▶ _Data supplied_:

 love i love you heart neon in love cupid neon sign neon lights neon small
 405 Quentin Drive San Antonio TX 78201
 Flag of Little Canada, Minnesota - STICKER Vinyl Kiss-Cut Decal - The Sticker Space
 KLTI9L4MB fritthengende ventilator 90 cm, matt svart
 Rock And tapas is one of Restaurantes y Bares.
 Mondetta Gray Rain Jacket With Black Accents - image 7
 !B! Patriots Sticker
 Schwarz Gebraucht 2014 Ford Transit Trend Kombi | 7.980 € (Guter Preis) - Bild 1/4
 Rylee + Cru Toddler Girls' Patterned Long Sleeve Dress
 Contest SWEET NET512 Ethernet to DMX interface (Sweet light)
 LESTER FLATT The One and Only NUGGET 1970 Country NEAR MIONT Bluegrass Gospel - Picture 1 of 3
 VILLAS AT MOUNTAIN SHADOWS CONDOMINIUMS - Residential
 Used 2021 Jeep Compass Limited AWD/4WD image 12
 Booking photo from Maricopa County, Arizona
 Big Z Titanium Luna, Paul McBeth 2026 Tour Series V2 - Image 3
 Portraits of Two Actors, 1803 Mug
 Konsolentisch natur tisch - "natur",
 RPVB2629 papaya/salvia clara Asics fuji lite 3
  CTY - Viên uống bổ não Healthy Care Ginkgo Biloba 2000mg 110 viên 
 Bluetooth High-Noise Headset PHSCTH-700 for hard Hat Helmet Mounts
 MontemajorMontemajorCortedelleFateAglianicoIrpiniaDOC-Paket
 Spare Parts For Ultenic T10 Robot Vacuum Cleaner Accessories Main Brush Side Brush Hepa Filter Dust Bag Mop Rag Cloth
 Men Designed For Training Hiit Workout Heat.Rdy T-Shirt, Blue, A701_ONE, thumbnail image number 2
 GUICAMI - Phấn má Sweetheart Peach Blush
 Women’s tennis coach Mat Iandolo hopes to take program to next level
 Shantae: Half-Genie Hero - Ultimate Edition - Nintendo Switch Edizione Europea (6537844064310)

▶ _Action item_: Beginning with the very first line of the records above, please retype each line through the one that has "Rock And tapas", and add nothing.

▶ _Response for this exercise_:
 love i love you heart neon in love cupid neon sign neon lights neon small
 405 Quentin Drive San Antonio TX 78201
 Flag of Little Canada, Minnesota - STICKER Vinyl Kiss-Cut Decal - The Sticker Space
 KLTI9L4MB fritthengende ventilator 90 cm, matt svart
 Rock And tapas is one of Restaurantes y Bares.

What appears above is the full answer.